== Exercise aim ==
Could you copy every record below exactly, leaving out the pictures?

== Task material ==
○ ○ ○

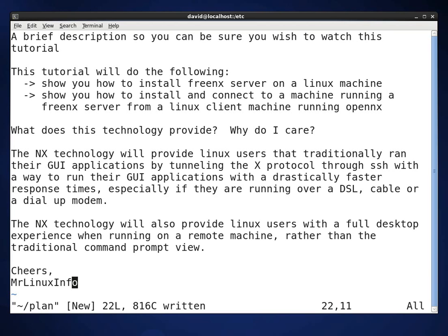This tutorial will do the following. This tutorial will show you how to install a FreeNX server on a Linux machine. It will show you how to install and connect to a Linux machine running a FreeNX server from a Linux client running OpenNX.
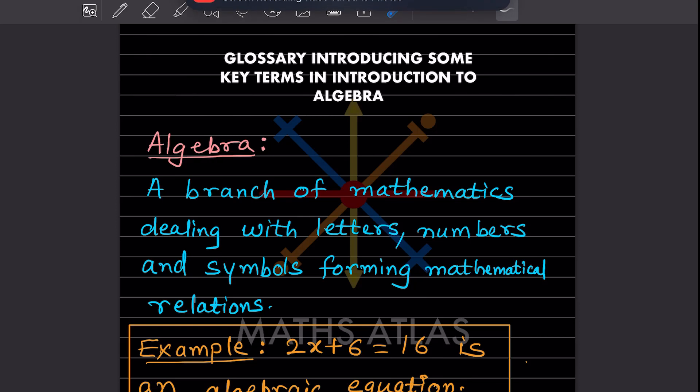Hi learners, welcome to my YouTube channel. Thanks for joining me for another math session. We have already completed one chapter, and this is the first part of the next chapter, which is called the introduction to algebra. So let's start.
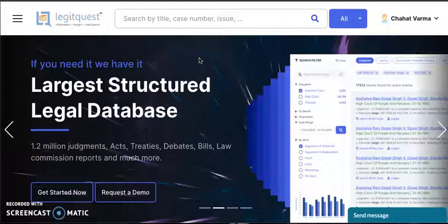To overcome this issue, LegitQuest came out with this revolutionary feature called iDraft, which covers the issue, facts, arguments, reasoning and decision of a case law.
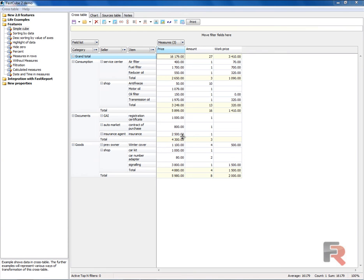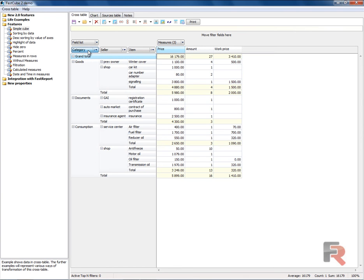Each dimension of the grid can have its own sort order. The default sort order is ascending. Double-click on the header of the dimension. The sort order changes.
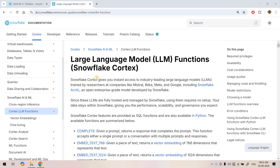Hello friends, welcome to our channel Knowledge Amplifier. In our previous video we discussed several concepts related to large language models and how we can perform generative AI work in AWS Bedrock and other services. Today in this video we are going to explore large language model functionality in Snowflake, and specifically we are going to solve an interesting problem of text classification using vector embedding — a concept I previously solved using Pinecone and FAISS.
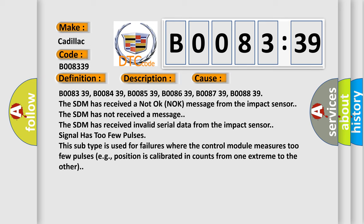The SDM has not received a message. The SDM has received invalid serial data from the impact sensor. Signal has too few pulses. This subtype is used for failures where the control module measures too few pulses, for example, position is calibrated in counts from one extreme to the other.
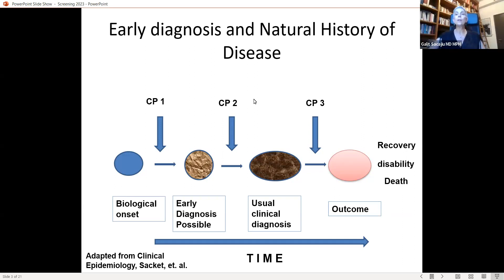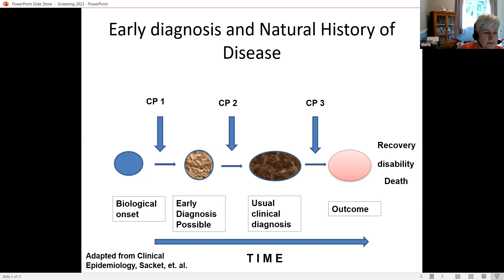So how do we know if a disease has a critical point two — that is, if screening will make a difference? The only way is through clinical trials, and of course the best clinical trials are randomized controlled standards. To know if we are at critical point two, we simply conduct detection — that is, screening.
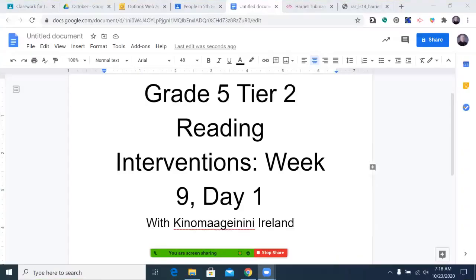So without further ado, we're going to start the episode. Today's premiere episode: Interventions, Week 9, Day 1.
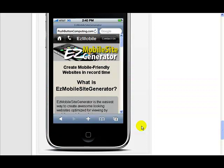In this video I'm going to show you how easy it is to change the style and layout theme in Easy Mobile Site Generator. You can do it with just one click.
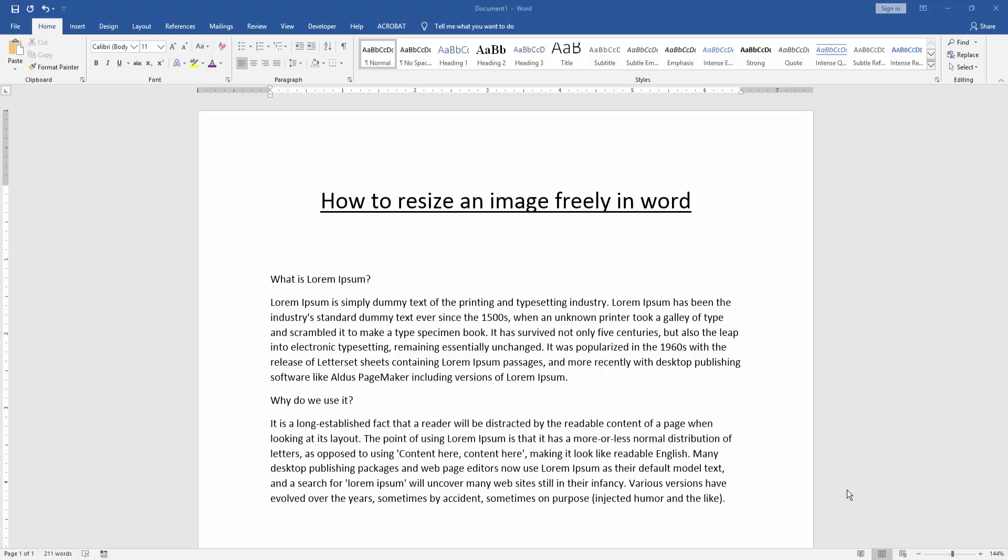In this video, I am going to show you how to resize an image freely in Word. Let's get started.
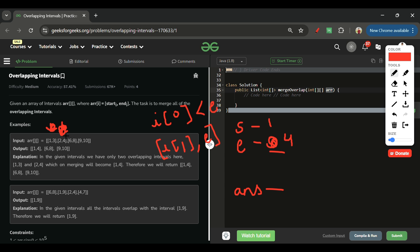The answer array is still empty at this point. When the next interval [6, 8] comes in, I check if 6 is less than 4 — it's not, so no overlap. I add the previous interval [1, 4] to the answer, then update start to 6 and end to 8.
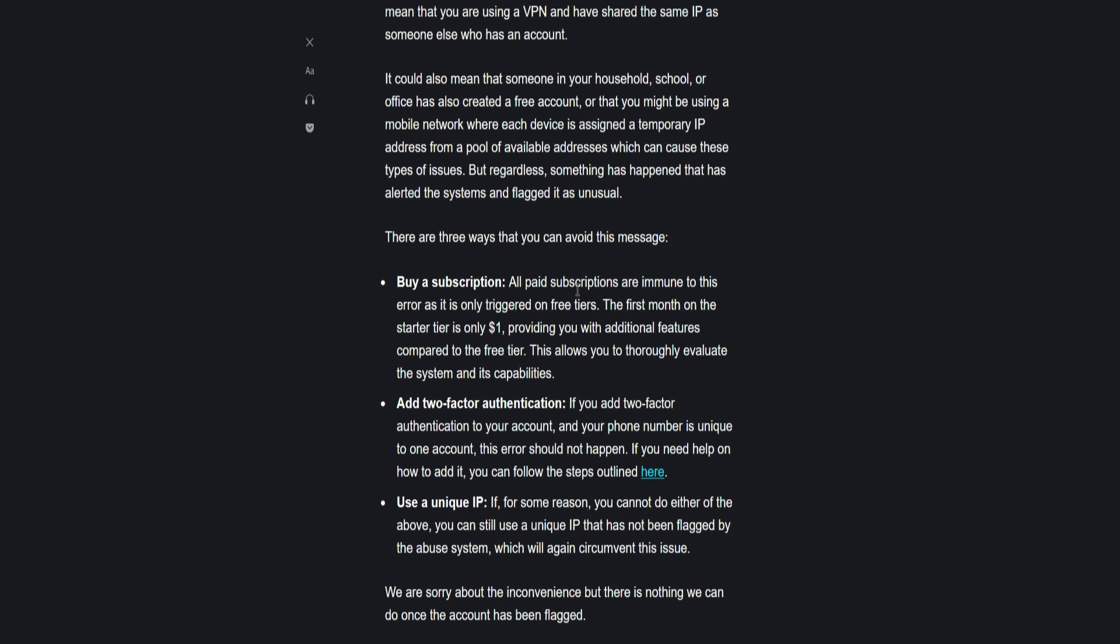This allows you to thoroughly evaluate the system and its capabilities. Number two, add two-factor authentication. If you add two-factor authentication to your account and your phone number is unique to one account, this error should not happen.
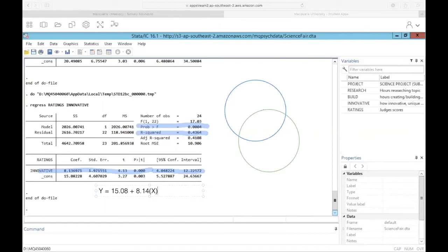Taken together with these three separate simple regressions, we would probably tell the student that how innovative the project is is the most important aspect of judge ratings, because it accounts for the most variability based on our R-squared value. That makes sense — judges who judge each year don't want to see the same volcano or potato clock every time. Now that we've run our regressions and fit our regression equations, we need to confirm that our regression model meets all the assumptions of regression, which we can only do after fitting the model because the assumptions are all about residuals.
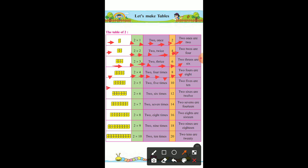Now here 10 it is. So 2 multiply by 5 — 2 five times — 10. So 2 fives are 10. This is 12. So 2 multiply by 6 — 2 six times — 12. 2 sixes are 12.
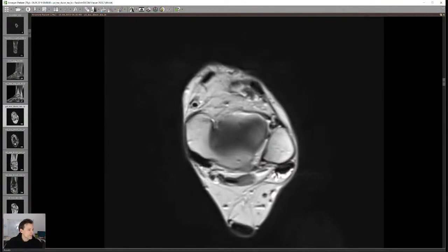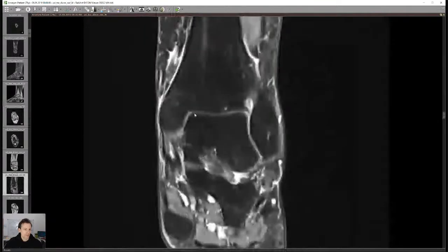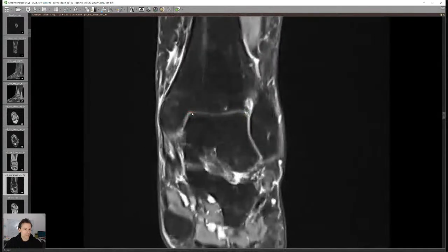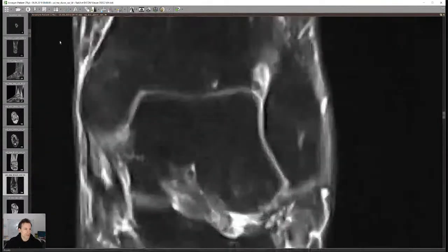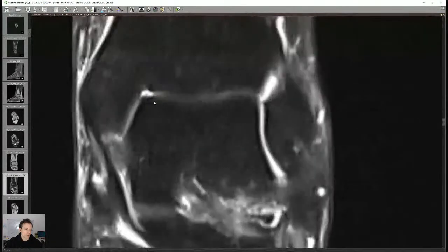Pablo from Peru is asking: how do you localize osteochondral lesions in the talar dome? Do you use any particular classification, and do you prefer to measure diameter or area? The best view for OC lesions is on coronals, as they're typically at the same location — medial talar shoulder or that region. I describe them as small, moderate, or severe, then describe subchondral cysts and bone marrow edema. If there's obvious cartilage damage I give the diameter in one plane.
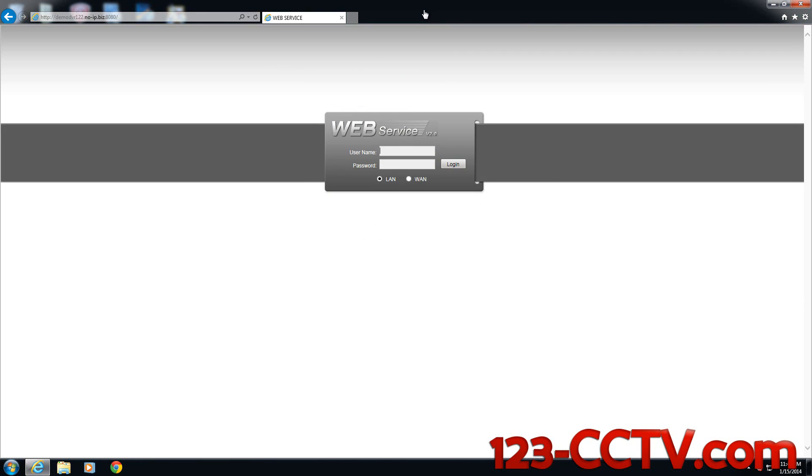Now we're going to log into our DVR since we have enabled ActiveX and enabled compatibility view settings.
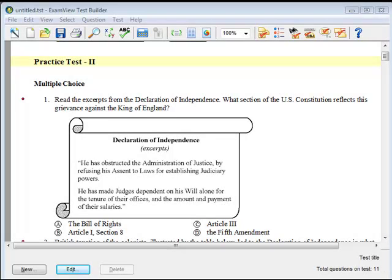If you currently use the ExamView Test Generator to create assessments, you can publish those assessments to EduSoft. You can administer an exam from ExamView the same way you administer any other exam created or aligned in EduSoft.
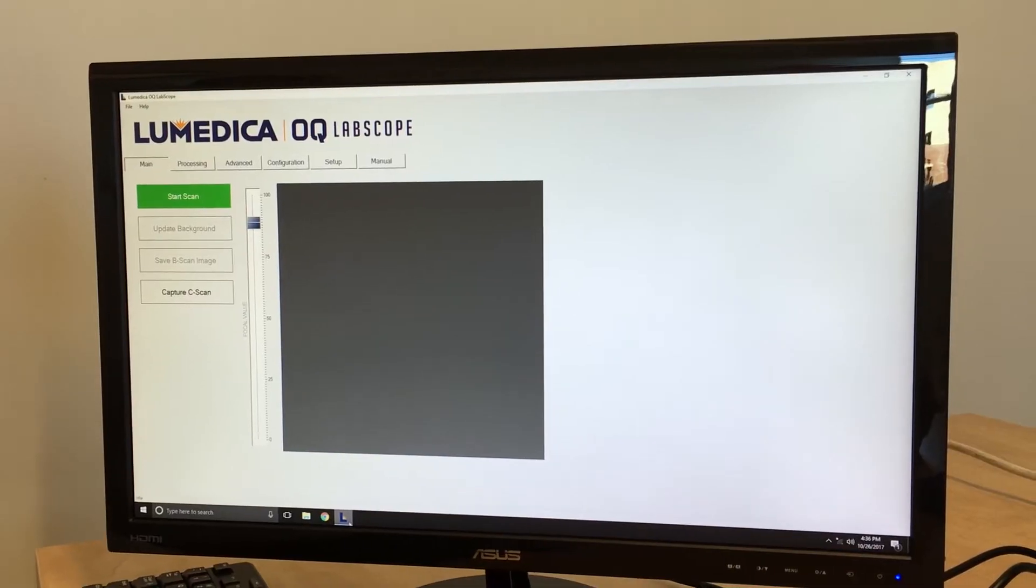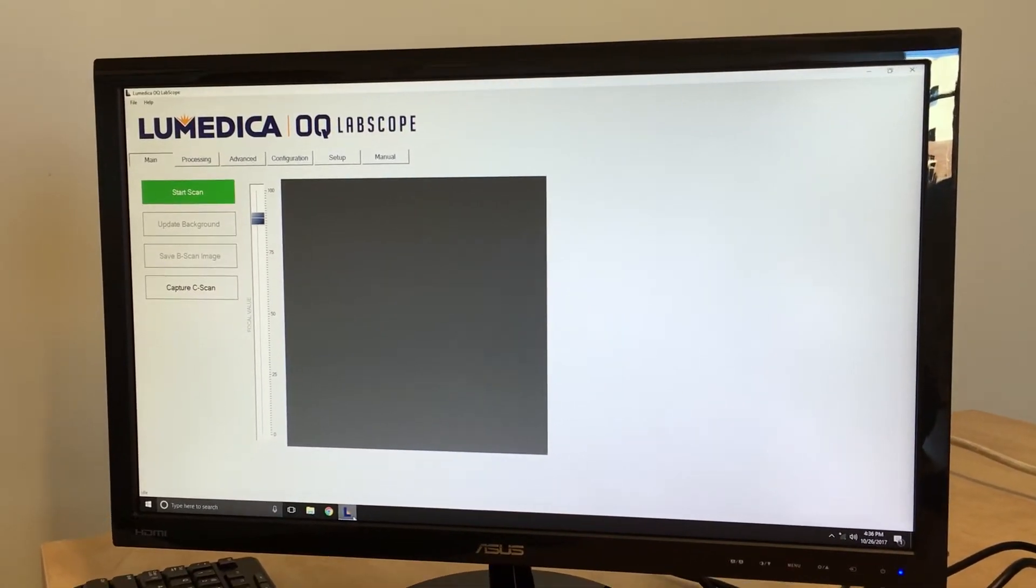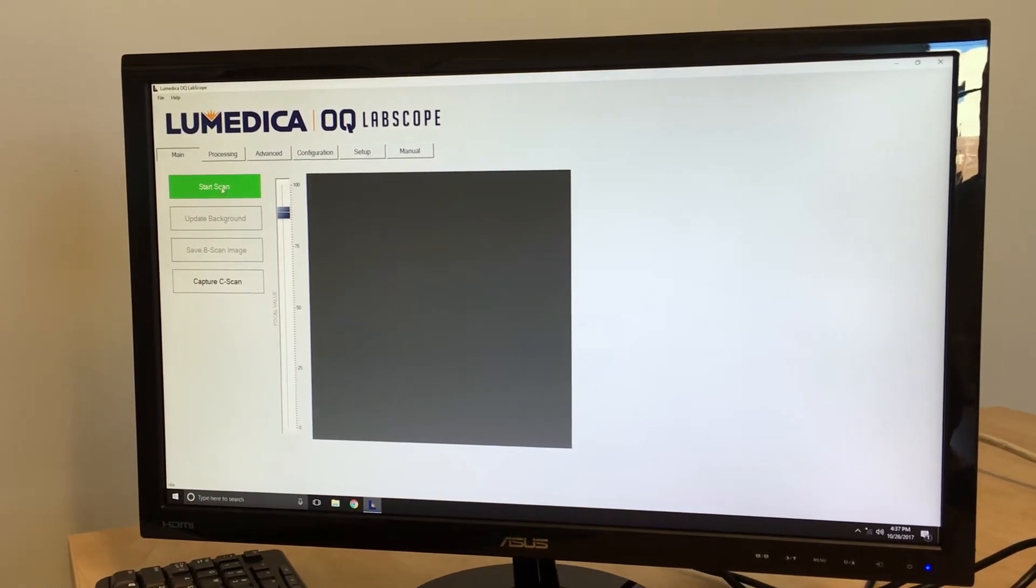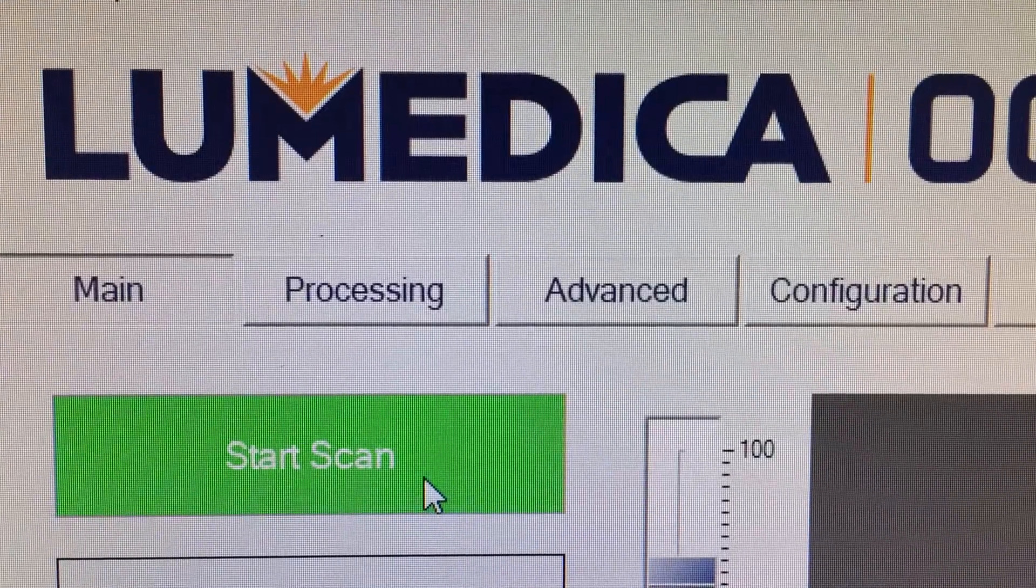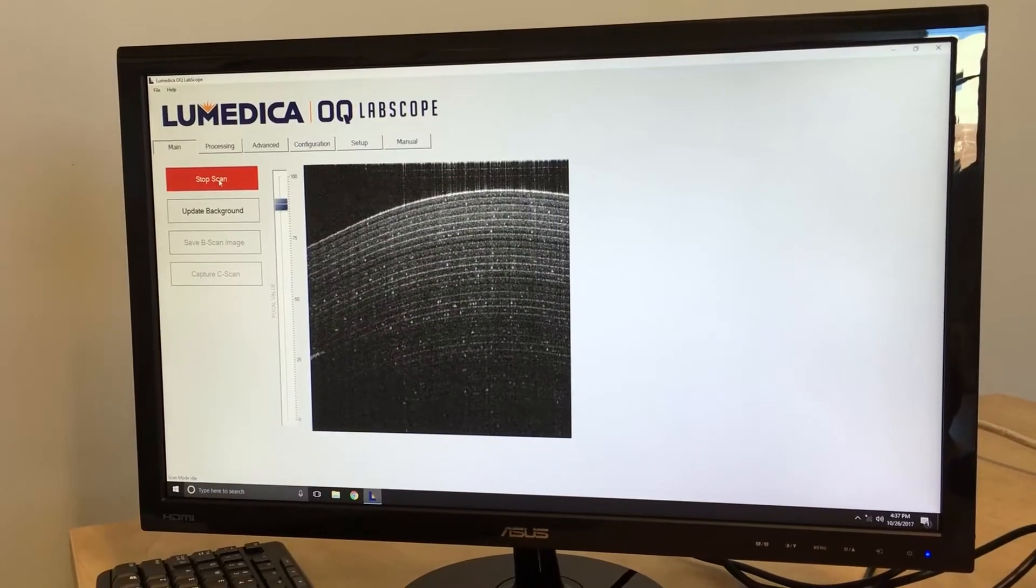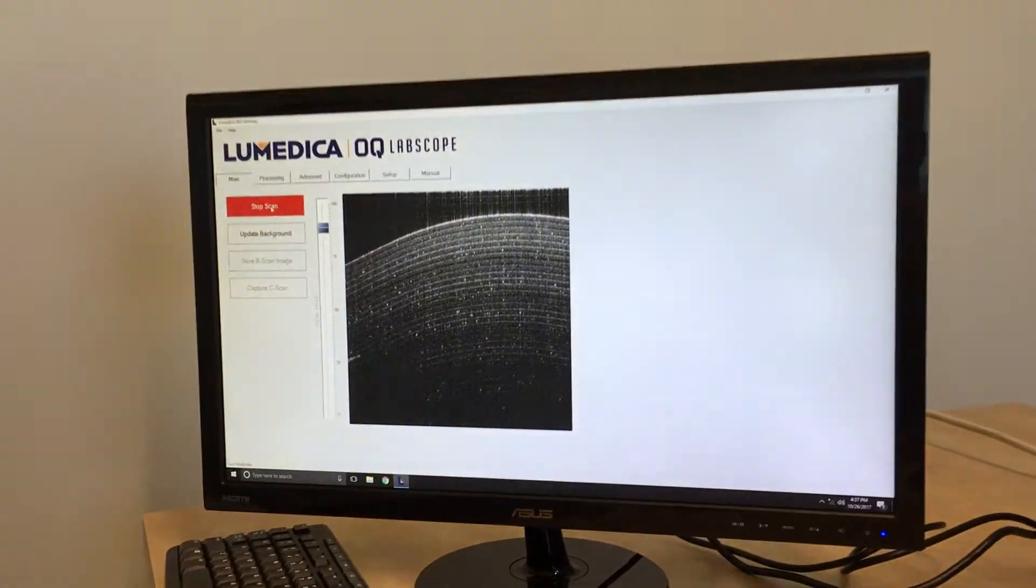Here is the startup screen for the Labscope software. To initiate a scan, you simply click on the Start Scan button. And the image appears right here, in less than a second.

○ ○ ○

== Response to this task ==
This tutorial will do the following. This tutorial will show you how to install a FreeNX server on a Linux machine. It will show you how to install and connect to a Linux machine running a FreeNX server from a Linux client running OpenNX.
Hi learners, welcome to my YouTube channel. Thanks for joining me for another math session. We have already completed one chapter, and this is the first part of the next chapter, which is called the introduction to algebra. So let's start.
To overcome this issue, LegitQuest came out with this revolutionary feature called iDraft, which covers the issue, facts, arguments, reasoning and decision of a case law.
Each dimension of the grid can have its own sort order. The default sort order is ascending. Double-click on the header of the dimension. The sort order changes.
Hello friends, welcome to our channel Knowledge Amplifier. In our previous video we discussed several concepts related to large language models and how we can perform generative AI work in AWS Bedrock and other services. Today in this video we are going to explore large language model functionality in Snowflake, and specifically we are going to solve an interesting problem of text classification using vector embedding — a concept I previously solved using Pinecone and FAISS.
The SDM has not received a message. The SDM has received invalid serial data from the impact sensor. Signal has too few pulses. This subtype is used for failures where the control module measures too few pulses, for example, position is calibrated in counts from one extreme to the other.
So how do we know if a disease has a critical point two — that is, if screening will make a difference? The only way is through clinical trials, and of course the best clinical trials are randomized controlled standards. To know if we are at critical point two, we simply conduct detection — that is, screening.
So without further ado, we're going to start the episode. Today's premiere episode: Interventions, Week 9, Day 1.
In this video I'm going to show you how easy it is to change the style and layout theme in Easy Mobile Site Generator. You can do it with just one click.
In this video, I am going to show you how to resize an image freely in Word. Let's get started.
The answer array is still empty at this point. When the next interval [6, 8] comes in, I check if 6 is less than 4 — it's not, so no overlap. I add the previous interval [1, 4] to the answer, then update start to 6 and end to 8.
This allows you to thoroughly evaluate the system and its capabilities. Number two, add two-factor authentication. If you add two-factor authentication to your account and your phone number is unique to one account, this error should not happen.
Taken together with these three separate simple regressions, we would probably tell the student that how innovative the project is is the most important aspect of judge ratings, because it accounts for the most variability based on our R-squared value. That makes sense — judges who judge each year don't want to see the same volcano or potato clock every time. Now that we've run our regressions and fit our regression equations, we need to confirm that our regression model meets all the assumptions of regression, which we can only do after fitting the model because the assumptions are all about residuals.
Now here 10 it is. So 2 multiply by 5 — 2 five times — 10. So 2 fives are 10. This is 12. So 2 multiply by 6 — 2 six times — 12. 2 sixes are 12.
Pablo from Peru is asking: how do you localize osteochondral lesions in the talar dome? Do you use any particular classification, and do you prefer to measure diameter or area? The best view for OC lesions is on coronals, as they're typically at the same location — medial talar shoulder or that region. I describe them as small, moderate, or severe, then describe subchondral cysts and bone marrow edema. If there's obvious cartilage damage I give the diameter in one plane.
Now we're going to log into our DVR since we have enabled ActiveX and enabled compatibility view settings.
If you currently use the ExamView Test Generator to create assessments, you can publish those assessments to EduSoft. You can administer an exam from ExamView the same way you administer any other exam created or aligned in EduSoft.
Here is the startup screen for the Labscope software. To initiate a scan, you simply click on the Start Scan button. And the image appears right here, in less than a second.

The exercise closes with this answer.